Livingston Stone, a prominent fish culturist and founder of what became the American Fisheries Society, was hired by Baird and immediately set to work. On August 30, 1872, he collected and fertilized salmon eggs at what became the Baird Station on the McCloud River in northern California. He then shipped them to the East Coast by rail.
After a few unsuccessful attempts with introducing other species, Stone released 35,000 Hudson River shad into the Sacramento River in July 1873. After repeated efforts, the Atlantic species became well established on the West Coast.
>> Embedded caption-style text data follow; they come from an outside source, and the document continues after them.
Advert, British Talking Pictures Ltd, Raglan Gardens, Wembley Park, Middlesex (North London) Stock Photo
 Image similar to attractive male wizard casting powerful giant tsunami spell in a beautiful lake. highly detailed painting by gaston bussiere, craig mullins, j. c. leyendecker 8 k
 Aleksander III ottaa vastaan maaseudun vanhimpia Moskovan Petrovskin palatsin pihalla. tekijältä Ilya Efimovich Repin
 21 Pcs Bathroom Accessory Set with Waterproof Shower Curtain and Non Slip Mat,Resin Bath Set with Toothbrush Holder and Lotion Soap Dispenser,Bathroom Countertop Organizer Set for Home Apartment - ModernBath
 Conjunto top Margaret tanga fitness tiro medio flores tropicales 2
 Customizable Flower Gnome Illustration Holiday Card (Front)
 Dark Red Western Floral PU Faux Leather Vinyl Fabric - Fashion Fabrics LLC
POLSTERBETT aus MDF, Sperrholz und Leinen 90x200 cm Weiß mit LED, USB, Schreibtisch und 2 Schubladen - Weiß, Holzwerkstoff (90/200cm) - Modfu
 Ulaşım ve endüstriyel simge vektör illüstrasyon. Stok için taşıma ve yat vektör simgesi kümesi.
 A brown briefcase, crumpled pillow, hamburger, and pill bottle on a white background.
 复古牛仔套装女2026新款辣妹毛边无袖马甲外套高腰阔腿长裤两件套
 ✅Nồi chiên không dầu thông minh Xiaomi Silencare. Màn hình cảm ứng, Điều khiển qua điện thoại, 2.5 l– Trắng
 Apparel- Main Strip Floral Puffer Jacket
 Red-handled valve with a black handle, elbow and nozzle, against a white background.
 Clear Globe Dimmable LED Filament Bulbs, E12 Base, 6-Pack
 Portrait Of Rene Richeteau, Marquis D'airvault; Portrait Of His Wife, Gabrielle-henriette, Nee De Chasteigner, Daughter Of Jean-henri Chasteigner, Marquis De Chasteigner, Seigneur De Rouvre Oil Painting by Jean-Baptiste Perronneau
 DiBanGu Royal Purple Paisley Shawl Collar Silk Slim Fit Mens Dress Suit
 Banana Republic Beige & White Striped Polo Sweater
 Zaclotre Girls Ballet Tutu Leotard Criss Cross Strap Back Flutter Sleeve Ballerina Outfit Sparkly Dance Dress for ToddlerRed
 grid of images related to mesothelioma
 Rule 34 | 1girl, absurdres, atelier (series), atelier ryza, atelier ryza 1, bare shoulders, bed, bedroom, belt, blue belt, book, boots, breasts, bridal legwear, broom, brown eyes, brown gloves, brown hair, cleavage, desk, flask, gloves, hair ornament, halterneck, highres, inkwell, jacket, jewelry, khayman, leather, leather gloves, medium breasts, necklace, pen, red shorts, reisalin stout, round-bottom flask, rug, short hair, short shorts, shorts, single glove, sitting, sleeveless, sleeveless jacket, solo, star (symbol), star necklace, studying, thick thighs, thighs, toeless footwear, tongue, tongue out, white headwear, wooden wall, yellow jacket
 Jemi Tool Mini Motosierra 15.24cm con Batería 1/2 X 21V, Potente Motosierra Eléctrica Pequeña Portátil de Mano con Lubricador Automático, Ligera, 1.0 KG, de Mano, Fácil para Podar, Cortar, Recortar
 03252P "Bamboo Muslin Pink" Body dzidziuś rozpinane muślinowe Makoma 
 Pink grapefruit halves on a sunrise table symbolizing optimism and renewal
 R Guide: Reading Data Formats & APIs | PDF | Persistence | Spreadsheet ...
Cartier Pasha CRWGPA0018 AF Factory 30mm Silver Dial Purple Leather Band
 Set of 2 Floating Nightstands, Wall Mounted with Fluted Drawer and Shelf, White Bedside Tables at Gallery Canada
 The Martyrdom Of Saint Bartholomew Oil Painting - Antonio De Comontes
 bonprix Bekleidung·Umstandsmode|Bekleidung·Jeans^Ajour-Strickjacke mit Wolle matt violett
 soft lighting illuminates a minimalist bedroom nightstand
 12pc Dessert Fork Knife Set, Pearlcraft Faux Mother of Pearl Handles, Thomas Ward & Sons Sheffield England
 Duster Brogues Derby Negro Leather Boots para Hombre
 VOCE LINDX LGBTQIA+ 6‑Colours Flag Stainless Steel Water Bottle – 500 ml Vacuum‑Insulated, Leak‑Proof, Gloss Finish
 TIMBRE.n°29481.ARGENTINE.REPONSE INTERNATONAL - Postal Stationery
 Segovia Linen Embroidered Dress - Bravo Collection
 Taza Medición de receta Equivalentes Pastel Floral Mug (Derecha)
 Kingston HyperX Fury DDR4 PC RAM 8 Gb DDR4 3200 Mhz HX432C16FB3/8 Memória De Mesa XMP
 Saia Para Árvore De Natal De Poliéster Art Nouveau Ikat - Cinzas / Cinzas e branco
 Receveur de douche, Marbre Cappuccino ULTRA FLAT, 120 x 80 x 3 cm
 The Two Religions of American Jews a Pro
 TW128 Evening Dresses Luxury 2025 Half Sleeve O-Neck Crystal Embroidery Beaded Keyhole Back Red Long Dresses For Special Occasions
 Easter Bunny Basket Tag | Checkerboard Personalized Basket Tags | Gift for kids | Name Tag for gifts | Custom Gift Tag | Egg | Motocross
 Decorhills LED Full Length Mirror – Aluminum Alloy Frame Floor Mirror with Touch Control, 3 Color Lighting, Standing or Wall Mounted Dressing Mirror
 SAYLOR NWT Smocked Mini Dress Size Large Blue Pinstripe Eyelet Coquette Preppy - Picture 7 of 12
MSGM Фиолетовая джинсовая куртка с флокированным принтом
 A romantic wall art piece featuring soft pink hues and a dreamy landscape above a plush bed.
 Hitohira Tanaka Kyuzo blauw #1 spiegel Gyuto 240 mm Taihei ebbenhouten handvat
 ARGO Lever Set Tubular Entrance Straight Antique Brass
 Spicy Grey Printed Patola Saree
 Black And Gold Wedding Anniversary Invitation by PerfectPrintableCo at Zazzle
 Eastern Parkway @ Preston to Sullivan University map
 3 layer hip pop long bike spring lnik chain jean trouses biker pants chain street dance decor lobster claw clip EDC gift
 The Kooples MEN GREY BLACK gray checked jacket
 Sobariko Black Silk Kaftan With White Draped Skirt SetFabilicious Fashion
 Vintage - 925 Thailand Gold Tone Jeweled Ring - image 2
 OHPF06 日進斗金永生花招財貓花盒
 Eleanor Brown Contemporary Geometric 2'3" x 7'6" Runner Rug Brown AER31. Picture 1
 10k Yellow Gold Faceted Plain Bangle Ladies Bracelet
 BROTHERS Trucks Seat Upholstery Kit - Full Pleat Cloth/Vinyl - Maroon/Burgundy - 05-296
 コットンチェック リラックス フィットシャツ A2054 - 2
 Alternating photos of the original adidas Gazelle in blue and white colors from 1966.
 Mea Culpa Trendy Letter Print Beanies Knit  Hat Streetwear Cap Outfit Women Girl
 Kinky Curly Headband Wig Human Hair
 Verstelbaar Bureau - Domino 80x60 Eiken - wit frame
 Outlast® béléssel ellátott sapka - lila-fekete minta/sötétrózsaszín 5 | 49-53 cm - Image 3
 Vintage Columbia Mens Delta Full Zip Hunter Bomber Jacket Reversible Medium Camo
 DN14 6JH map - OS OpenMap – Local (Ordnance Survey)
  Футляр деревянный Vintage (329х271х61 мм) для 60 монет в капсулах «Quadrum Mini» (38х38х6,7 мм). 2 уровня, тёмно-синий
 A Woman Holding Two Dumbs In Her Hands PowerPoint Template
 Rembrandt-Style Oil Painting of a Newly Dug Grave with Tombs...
The live fish were transported in open milk cans in baggage cars. Stone changed the water every two hours to keep the water temperatures at suitable levels during transit. After days of around- the- clock care, most of the shad arrived in good condition. They were planted in the Sacramento River and other coastal streams. The experiments in acclimatization — introducing new fish to new locations — were a success.
The Fish Car Era
Shipping live fish across the country required new techniques, procedures, and equipment to keep fish and eggs in good condition. Live cars, box-like containers to hold water containing young fish, were built. New systems and equipment were developed, like the McDonald hatching jar. This kept fish eggs rotating uniformly, to aerate the water and keep temperatures within suitable ranges.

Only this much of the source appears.